Interview by Si Smith
And here we are having a nice chat, this time, with Kat Ward about the second platter of the UK Progressive Gothic masters hAND. Let’s hear what the singer she has to tell us…
If you don’t mind, let us take a walk back in time. You describe your current musical incarnation loosely as “Prog goth”, but originally you were a rocky trance duo? How did that work?! And where did you find Cris? (FYI Cris has now left the band and Dan Thomas is now our new drummer).
We started off with a piano, a guitar and a drum machine, the very early work of hAND is quite industrial sounding and very different to our current sound. We recorded one EP before we decided that adding a live drummer to the mix would really add impact and presence, especially on the live front. We advertised for a drummer on our local music forum, Cris turned up for an audition and we just hit it off straight away.

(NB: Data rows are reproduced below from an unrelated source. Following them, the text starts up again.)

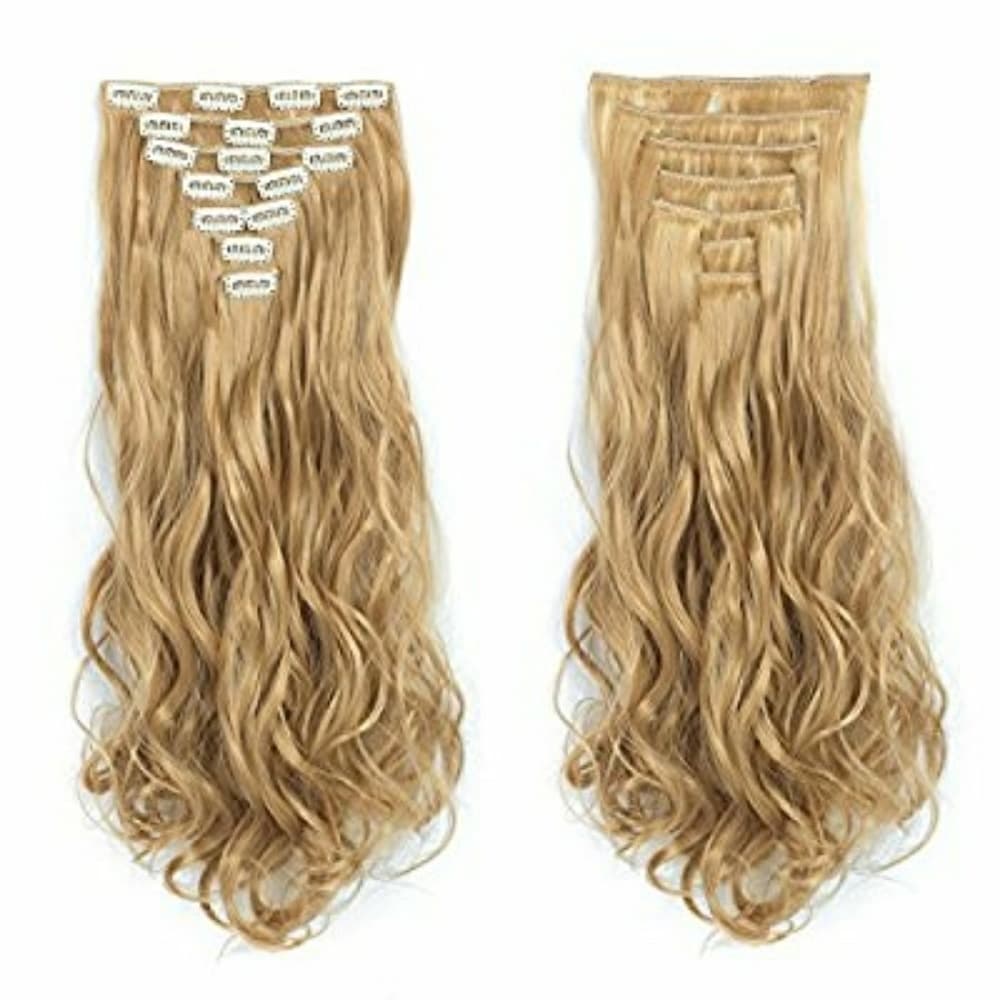 Blonde Full Head Clip in Extension - Thumbnail 2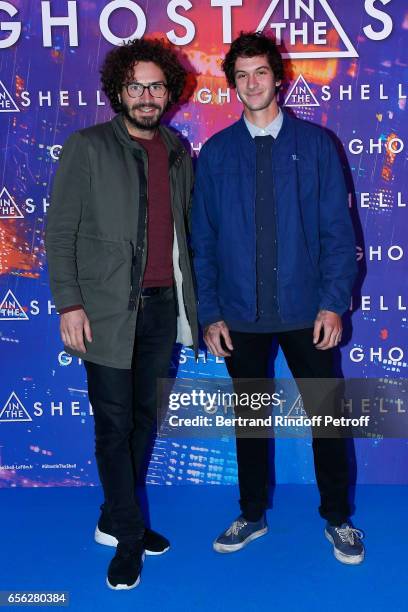 Guests attend the Paris Premiere of the Paramount Pictures release "Ghost in the Shell". Held at Le Grand Rex on March 21, 2017 in Paris, France.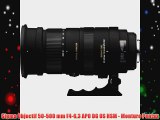 Sigma Objectif 50-500 mm F4-63 APO DG OS HSM - Monture Pentax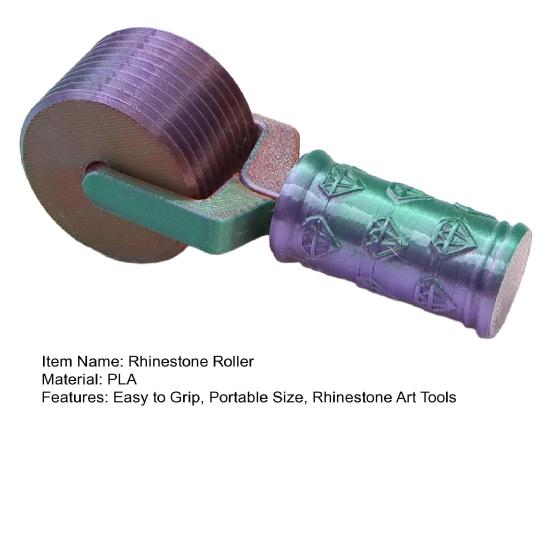 Rolka do sztuki z dżetami Odłączana Przenośna Malowanie haftu dżetami Ręczna rolka DIY Projekt dżetów Narzędzia do dociskania Akcesoria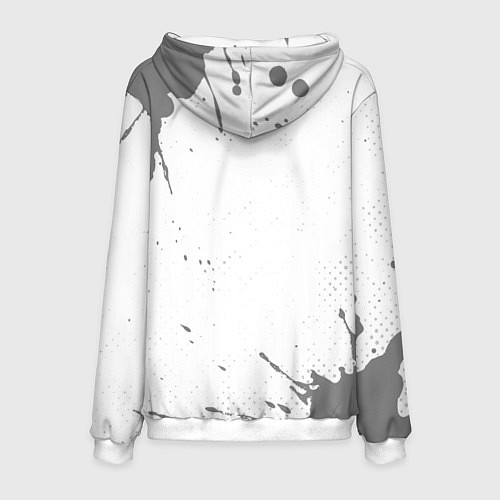 Мужская толстовка Альберт мужчина ну с очень большой буквы / 3D-Белый – фото 2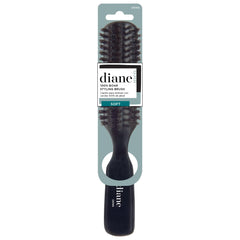 Diane boar bristle styling brush with five rows for detangling and shine.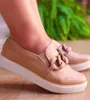 Chaussures décontractées grandes taille féminine de loisirs à fond plat au printemps et automne 2024 Fashion Lefu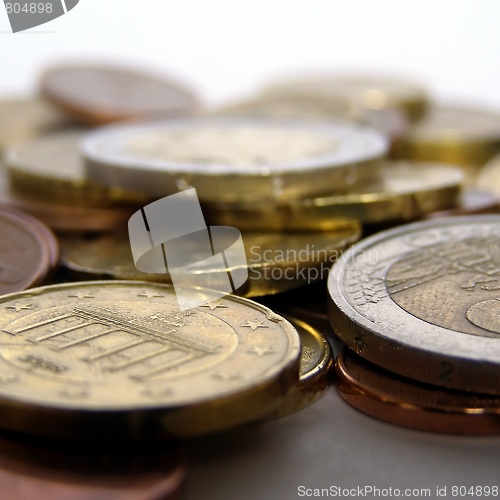 Image of Euro coins background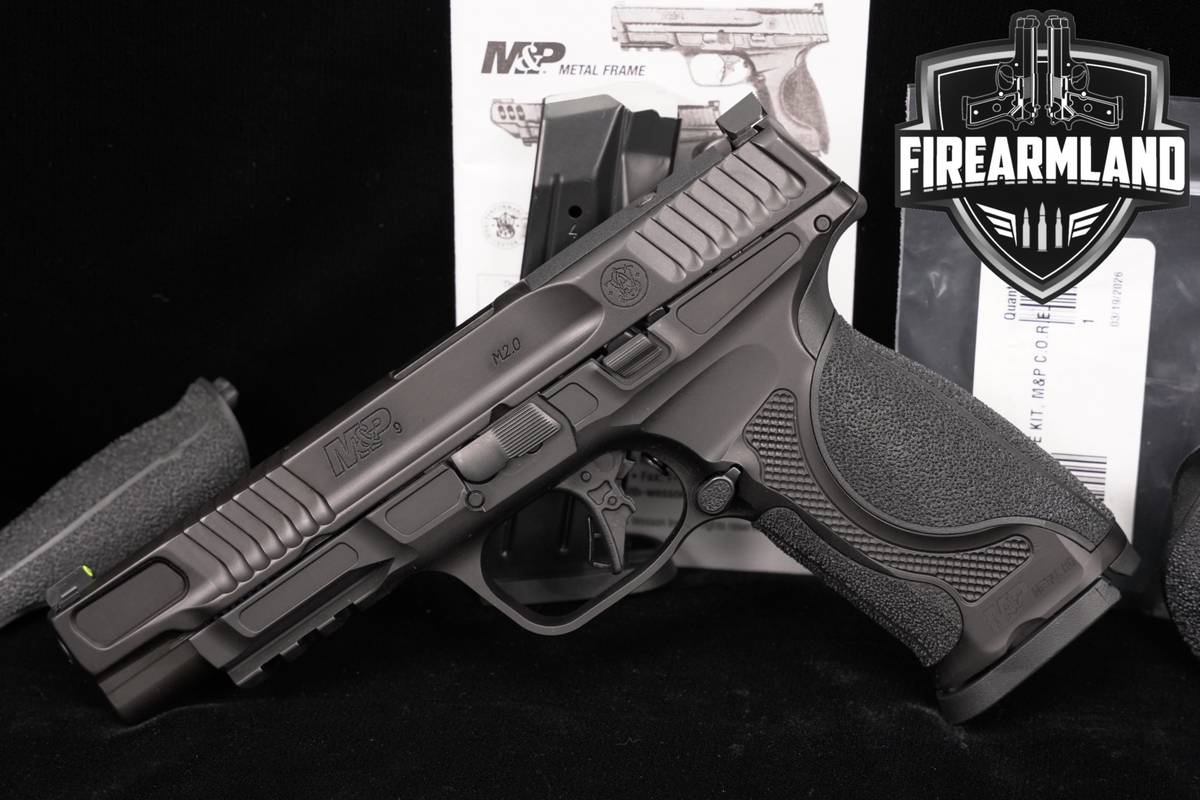 Smith & Wesson M&P9 M2.0 Metal 9mm Optics-Ready S&W M&P 9 2.0 +2 MAGS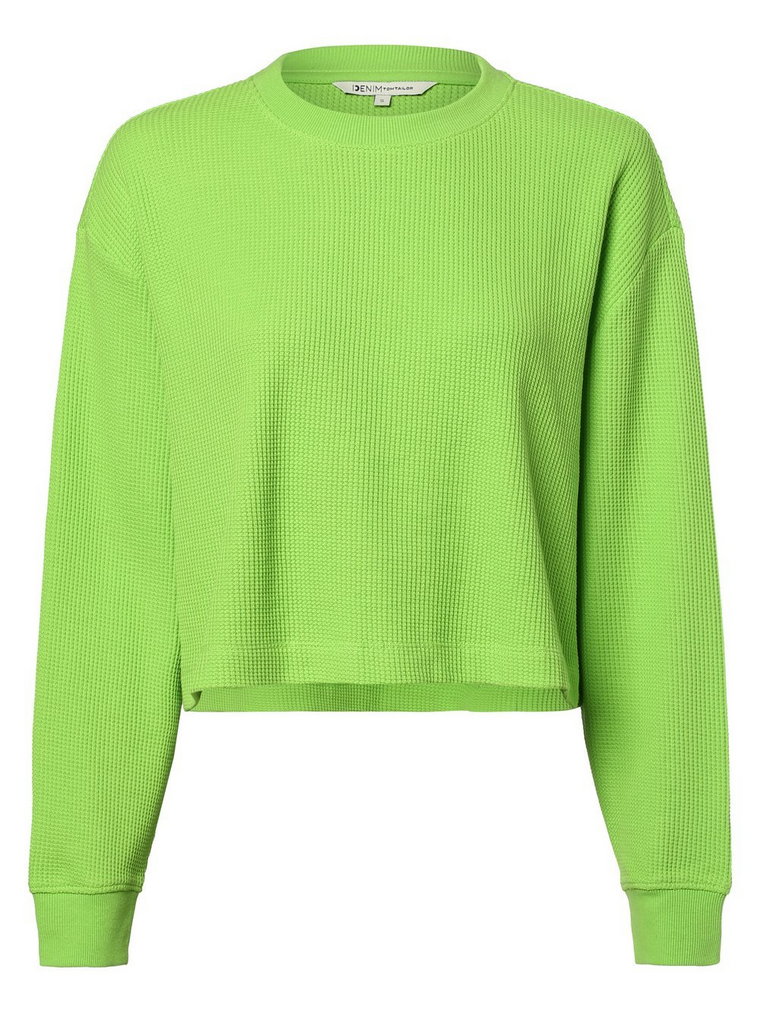 Tom Tailor Denim - Damska bluza nierozpinana, zielony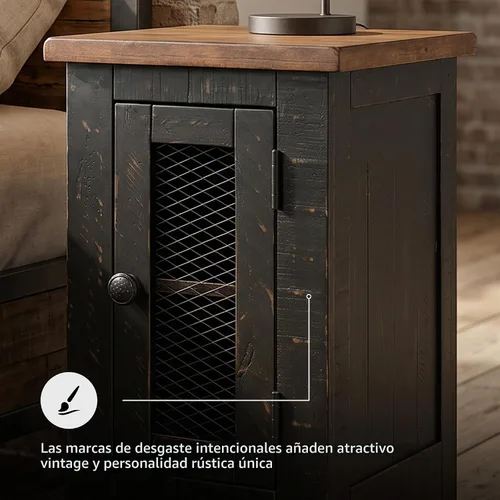 Vista 6 de Signature Design by Ashley Valebeck - Mesa auxiliar para silla con Negro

So moving on a little we find the band releasing 2 EPs, the second of which appears to have gained you some sponsorship and reputation in the industry. How was the feeling in the band at this time? Did you see something good coming, or were you just playing things “by ear”?The second EP was really just a chance to see how we sounded as a three piece, it was also the first time we went into a studio to record so it was a nice experience all round. We sent it out to a few people for critique and overall response was very positive. At this point we just wanted to get some live experience, write some new songs and look into releasing a third EP. We were enjoying being a band more than anything else. In 2007 you took part in the AKG Unsigned Heroes competition and won through to the top 20; eventually you signed to Copro Records. How was the band evolving at this time? Were you still reworking your original material, or constantly writing new stuff? We’re always writing new songs! When we signed to Copro it was a little bit of a wakeup call, I think we all took a step back and thought “ok let’s start taking this a bit more seriously and see what we can do”. The first album consists of most of our original material; there are songs on there that are from back when hAND was a duo.
And so the inevitable debut album loomed large on the horizon!! “Deadroom Journal” (July 2008) seems to have been received well in the press, with Metal Hammer describing it as “surprisingly inventive”, and Kerrang comparing your lyrical world to Amy Lee but your musical approach as “reminiscent of Tori Amos-style experimentalism”. Great praise indeed from two of the UK’s most popular music magazines! How did you as a band view your debut album? Did it end up as you had hoped? The whole experience of recording “Deadroom Journal” and hearing the final version was one of the best times of my life so far, I’m pretty sure that goes for the guys as well. It came out far beyond expectation, and we are all really proud of that record. Sure we listen back to it now and think we should’ve done this differently or that could be better, but it’s still a great sounding album. It was really nice to hear all the songs we’d been working on and playing for a couple of years brought to life and done justice.
“Manuscript” and “Clannad Mass” were the only two tracks to make it to your debut album from your earlier releases. What was it about these two pieces that you felt was particularly worthy of a place on the album?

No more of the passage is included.